Stored data
.....
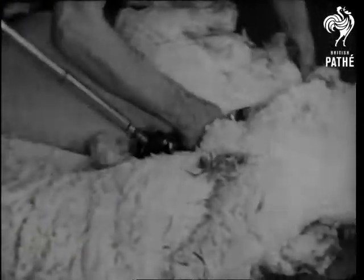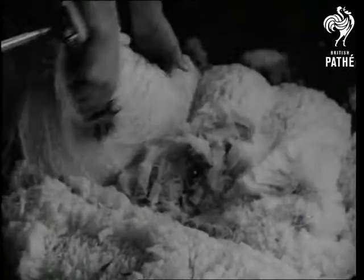Then the whirring electric shears sweep along one side of the animal. This is called the long blow, and after a few deft strokes the fleece falls away.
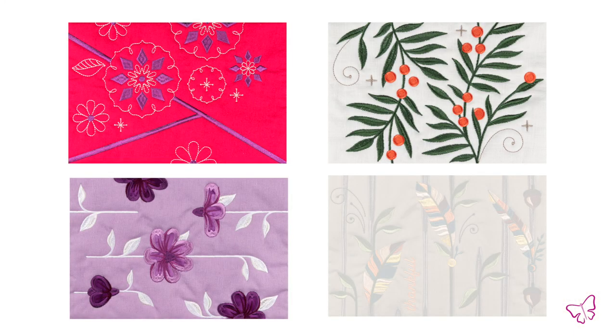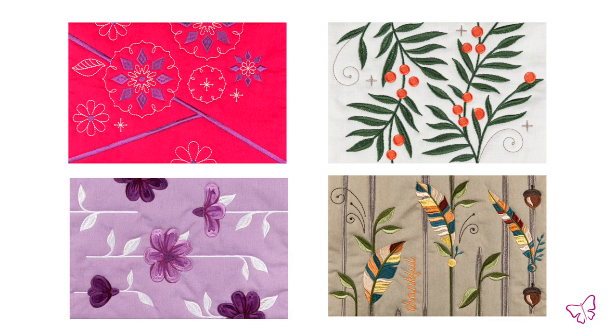Hi, it's Drea here to tell you about Reversible Runner. This collection is absolutely beautiful. There are 15 different sets and each set has its own theme with two blocks, so you can have this gorgeous repeating pattern.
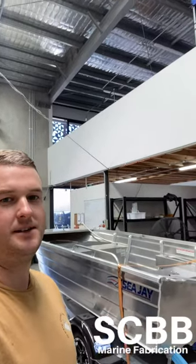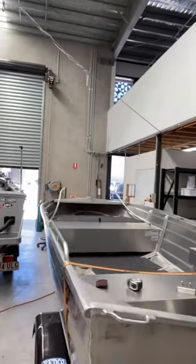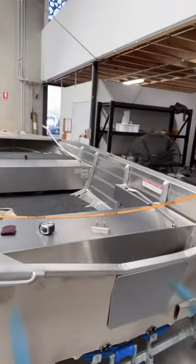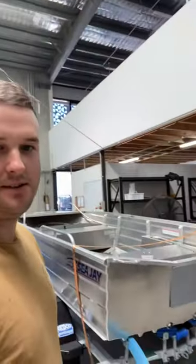I've got this brand new CJ here and we're fitting it right out — rails, brackets, storage, transducer brackets, all that sort of thing. So I thought I'd just put it in a time lapse to make it look really easy.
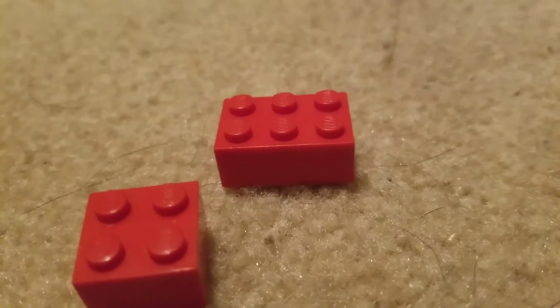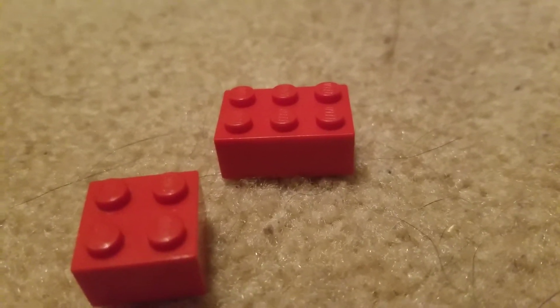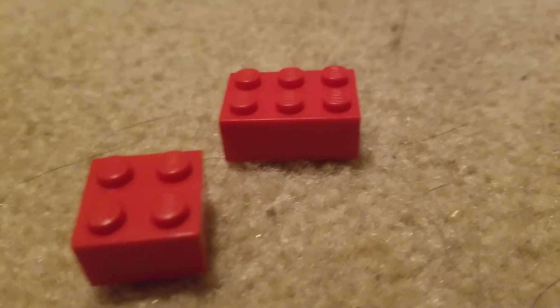Because of the LEGO law of studs — which doesn't really exist and I made this up for this video — I'm just running out of ideas.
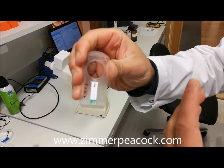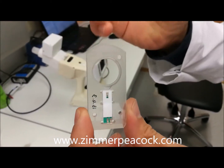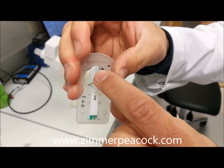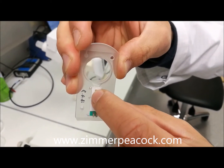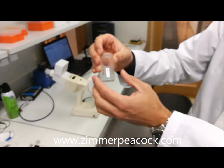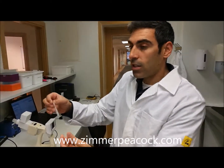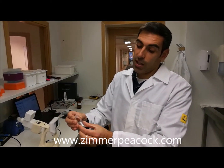We develop sensor cartridges — these are the sensor cartridges. You can see an electrochemical sensor that will detect a specific molecule we are interested in from human breath. The breath will be collected in this area here and will flow down to the active area of the sensor.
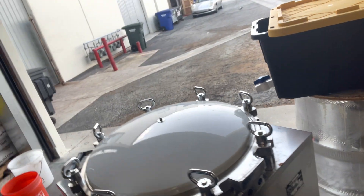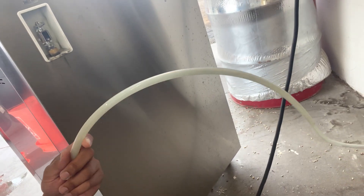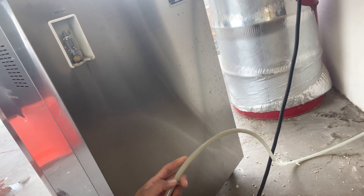It runs on 240 volts - I have my 240 plug there. It comes with the line but not the plug, so I had to install that. There is this pipe or tube for one of the valves - sometimes it kicks on and blows steam out. Here is my safety valve, set at 15 PSI. That protects the machine from getting over-pressurized, and it's a great safety feature because you can kind of set it and forget it.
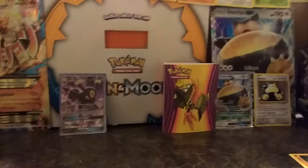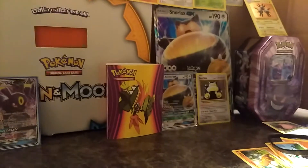Isn't that right? Snorlax, Gengar — there's Gengar over there, there's Gyarados.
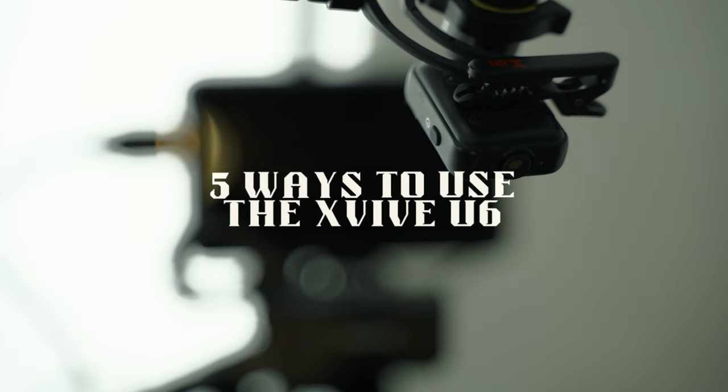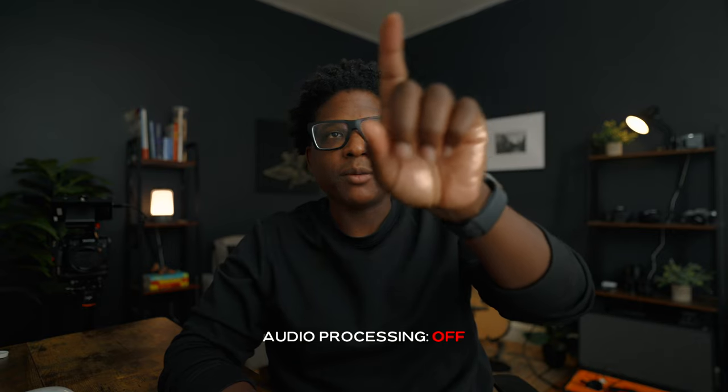I've used it as a boom mic. Booming a mic is having the mic above the talent aiming down at the chin and the chest — you want to aim there to get optimal sound. You may think you want to aim at the mouth, but the sound comes from the chest and throat region. This is what the audio out of the U6 sounds like when it's boomed right above me, right out of frame. And this is what it sounds like with audio processing.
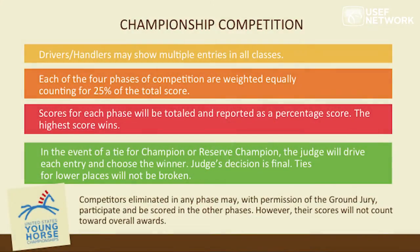To recap the championships of the competition: drivers and handlers can show multiple entries. There's a 25% score for four different parts — the in-hand evaluation, the dressage portion, the cross-country marathon portion, and the cones and obstacle phase. All scores will be tallied on a percentage basis. If there's a tie for champion or reserve champion, the tie will be broken by the judge driving those horses or a designated driver.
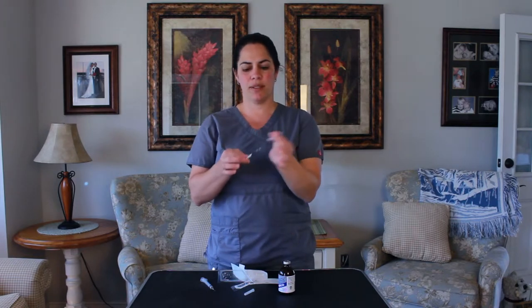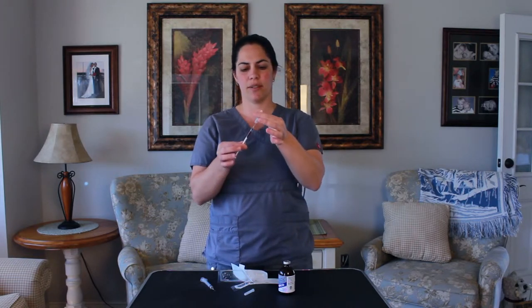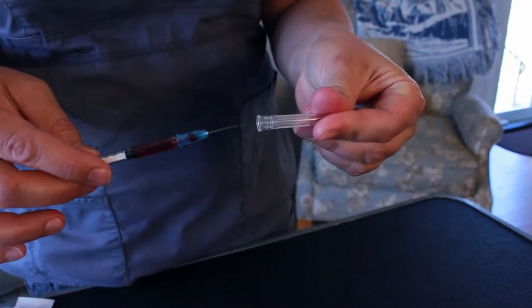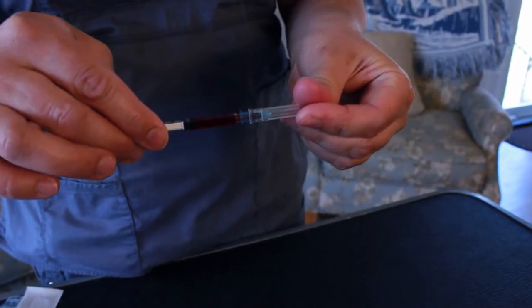When you recap your needle, you have to be very careful to recap it straight. If you go to the side, you can go through the cap and puncture your finger. So be careful when you're recapping.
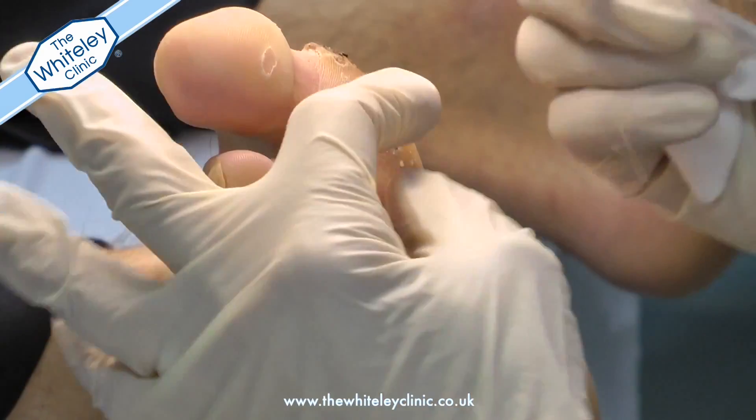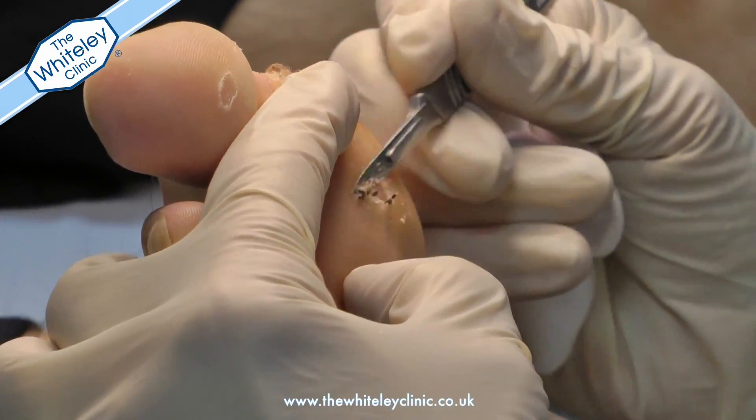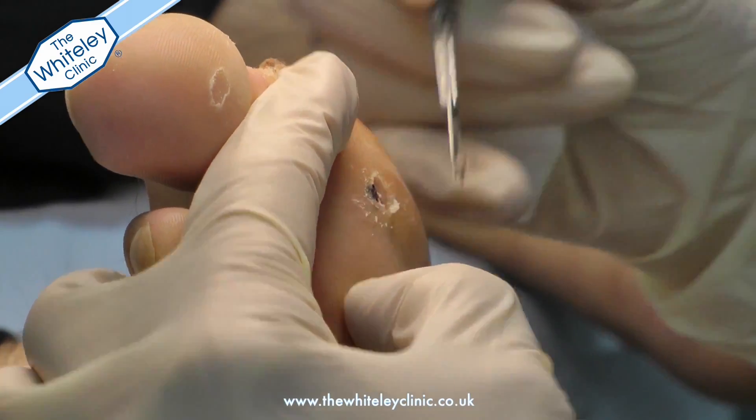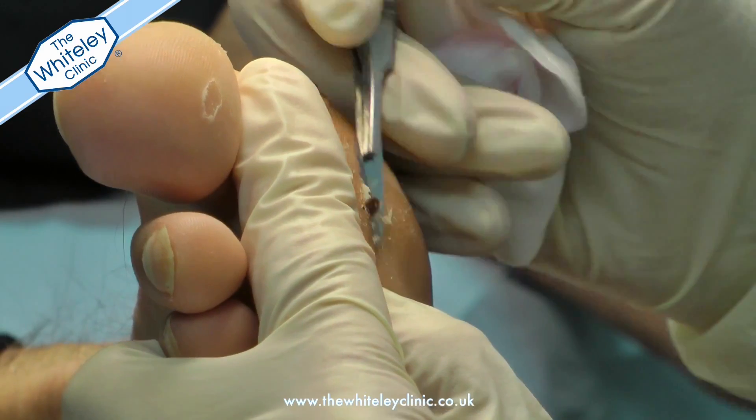After degreasing the area to be treated, the hard skin or callus is then removed from the verruca and the surrounding area. It is then cleaned or debrided before the laser is used.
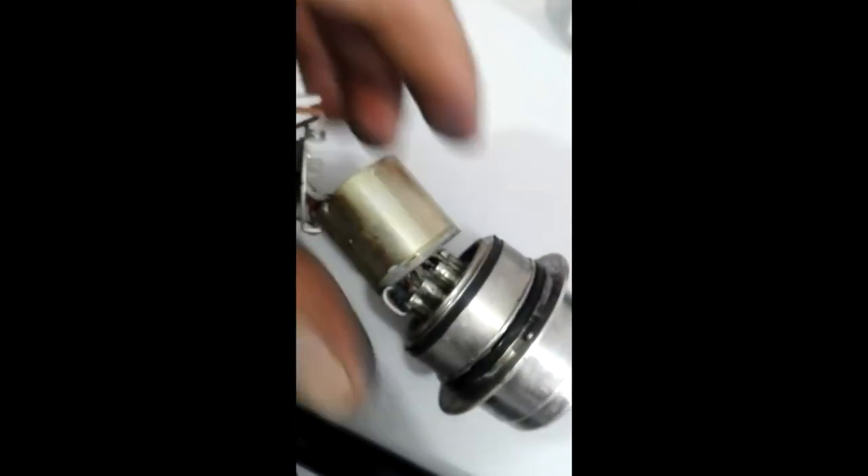Na outra extremidade vemos toda a fiação elétrica e óptica, tanto da câmera quanto da conexão do emissor e gerador de luz, proveniente da fonte de luz.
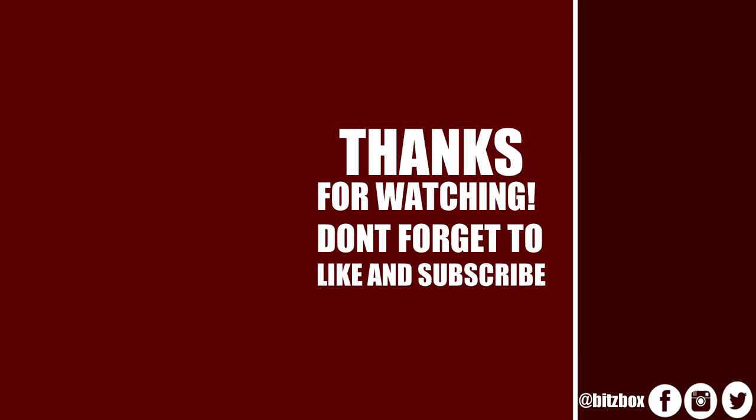If you enjoyed this video please feel free to subscribe to the channel if you haven't already, and click the bell icon to be notified when a new video goes live. On screen now are two more videos you may wish to check out, and a link to our Patreon page. Thank you so much for watching and we'll see you again soon.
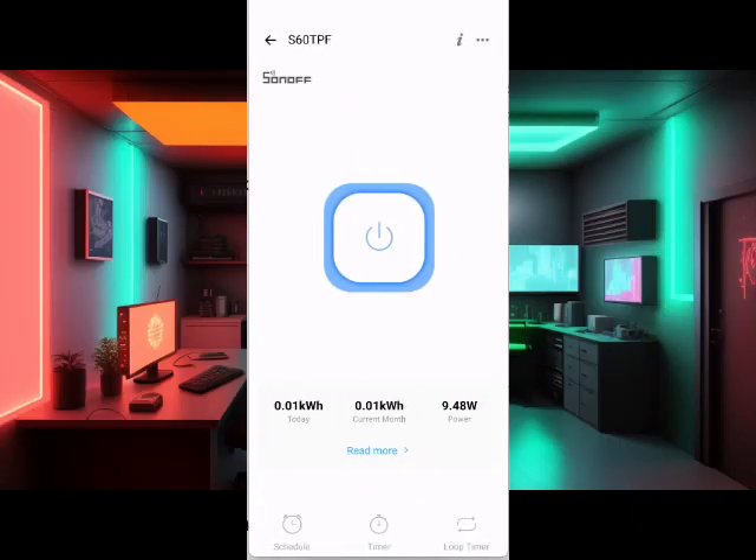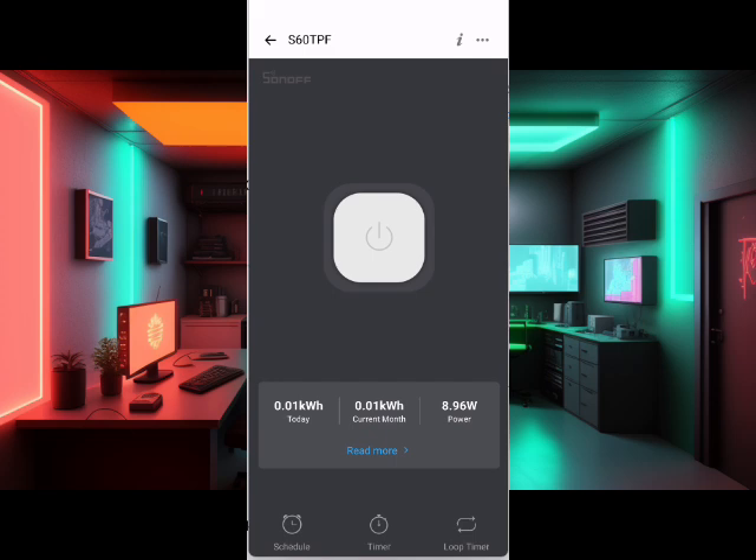As your phone charges, the S60 detects the power draw. Then when the phone finally hits 100% and stops pulling current — just a note, it doesn't completely go down to zero. My power draw went down to below 9 watts when it was at 100%. So I set the threshold to 9 watts, and then E-Wilink just goes: job done, cuts the juice.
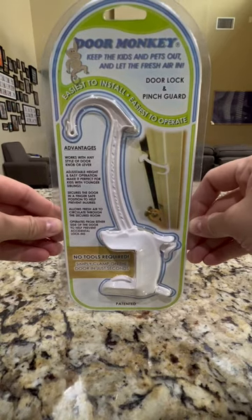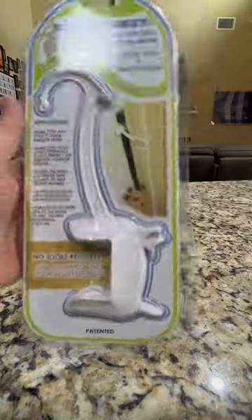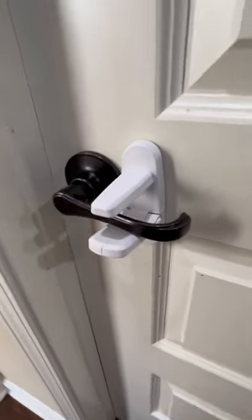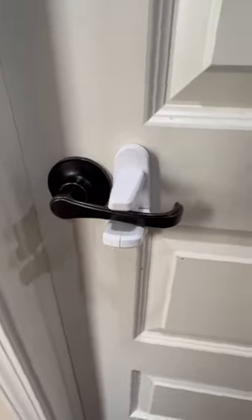Today we have the Door Monkey, and this is the perfect childproof lock for young children and toddlers. Not only can it stop them from opening the door, but it also stops fingers from being pinched. This is the old-style lock we have on the pantry door, but my three-year-old has figured out how to open it.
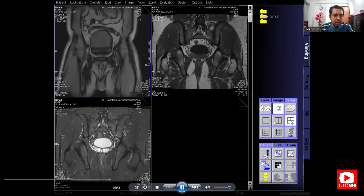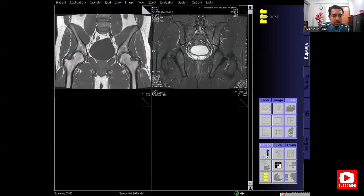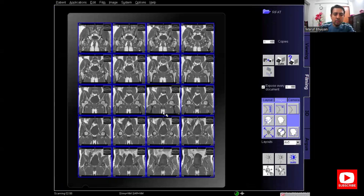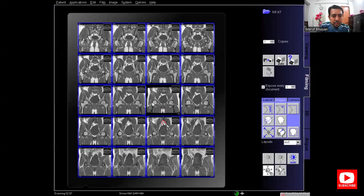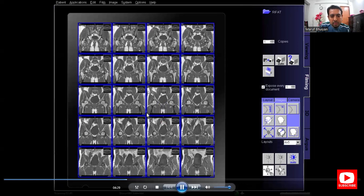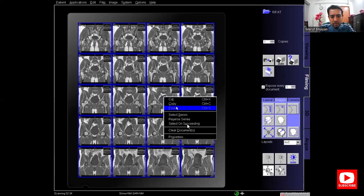Here are the coronal images. First is the T1 coronal image, and this is the PD facet coronal image. For filming, select the series and send it to filming by clicking the copy to film sheet button. If the images are in reverse order — because there is the spine and the bladder — the images will appear inverted. Reverse the image by selecting the series, double-clicking, right-clicking, and selecting reverse series.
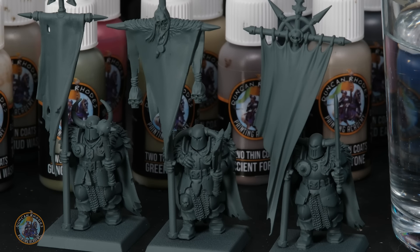For all three banners I've built up Chaos Warriors holding different kinds of banners, and I've undercoated each of them with Mechanicus Standard Grey as a starting point. All the techniques we're going to be using in this video can be applied over any undercoat colour you want to start from, so the choice really is yours.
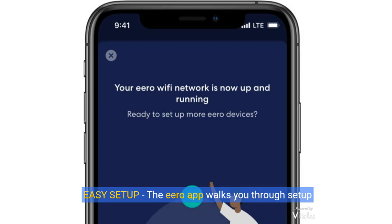Easy setup. The Eero app walks you through setup and allows you to manage your network from anywhere, while the smart plug is simple to set up and use with the Alexa app.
.....
▸ **PROBLEM TO SOLVE**: The reply should contain all of the data above, word for word, with no pictures.

▸ **REPLY TO THE TASK**:
Then the whirring electric shears sweep along one side of the animal. This is called the long blow, and after a few deft strokes the fleece falls away.
Hi, it's Drea here to tell you about Reversible Runner. This collection is absolutely beautiful. There are 15 different sets and each set has its own theme with two blocks, so you can have this gorgeous repeating pattern.
I've got this brand new CJ here and we're fitting it right out — rails, brackets, storage, transducer brackets, all that sort of thing. So I thought I'd just put it in a time lapse to make it look really easy.
Because of the LEGO law of studs — which doesn't really exist and I made this up for this video — I'm just running out of ideas.
We develop sensor cartridges — these are the sensor cartridges. You can see an electrochemical sensor that will detect a specific molecule we are interested in from human breath. The breath will be collected in this area here and will flow down to the active area of the sensor.
It runs on 240 volts - I have my 240 plug there. It comes with the line but not the plug, so I had to install that. There is this pipe or tube for one of the valves - sometimes it kicks on and blows steam out. Here is my safety valve, set at 15 PSI. That protects the machine from getting over-pressurized, and it's a great safety feature because you can kind of set it and forget it.
Isn't that right? Snorlax, Gengar — there's Gengar over there, there's Gyarados.
I've used it as a boom mic. Booming a mic is having the mic above the talent aiming down at the chin and the chest — you want to aim there to get optimal sound. You may think you want to aim at the mouth, but the sound comes from the chest and throat region. This is what the audio out of the U6 sounds like when it's boomed right above me, right out of frame. And this is what it sounds like with audio processing.
To recap the championships of the competition: drivers and handlers can show multiple entries. There's a 25% score for four different parts — the in-hand evaluation, the dressage portion, the cross-country marathon portion, and the cones and obstacle phase. All scores will be tallied on a percentage basis. If there's a tie for champion or reserve champion, the tie will be broken by the judge driving those horses or a designated driver.
When you recap your needle, you have to be very careful to recap it straight. If you go to the side, you can go through the cap and puncture your finger. So be careful when you're recapping.
After degreasing the area to be treated, the hard skin or callus is then removed from the verruca and the surrounding area. It is then cleaned or debrided before the laser is used.
Na outra extremidade vemos toda a fiação elétrica e óptica, tanto da câmera quanto da conexão do emissor e gerador de luz, proveniente da fonte de luz.
If you enjoyed this video please feel free to subscribe to the channel if you haven't already, and click the bell icon to be notified when a new video goes live. On screen now are two more videos you may wish to check out, and a link to our Patreon page. Thank you so much for watching and we'll see you again soon.
As your phone charges, the S60 detects the power draw. Then when the phone finally hits 100% and stops pulling current — just a note, it doesn't completely go down to zero. My power draw went down to below 9 watts when it was at 100%. So I set the threshold to 9 watts, and then E-Wilink just goes: job done, cuts the juice.
Today we have the Door Monkey, and this is the perfect childproof lock for young children and toddlers. Not only can it stop them from opening the door, but it also stops fingers from being pinched. This is the old-style lock we have on the pantry door, but my three-year-old has figured out how to open it.
Here are the coronal images. First is the T1 coronal image, and this is the PD facet coronal image. For filming, select the series and send it to filming by clicking the copy to film sheet button. If the images are in reverse order — because there is the spine and the bladder — the images will appear inverted. Reverse the image by selecting the series, double-clicking, right-clicking, and selecting reverse series.
For all three banners I've built up Chaos Warriors holding different kinds of banners, and I've undercoated each of them with Mechanicus Standard Grey as a starting point. All the techniques we're going to be using in this video can be applied over any undercoat colour you want to start from, so the choice really is yours.
Easy setup. The Eero app walks you through setup and allows you to manage your network from anywhere, while the smart plug is simple to set up and use with the Alexa app.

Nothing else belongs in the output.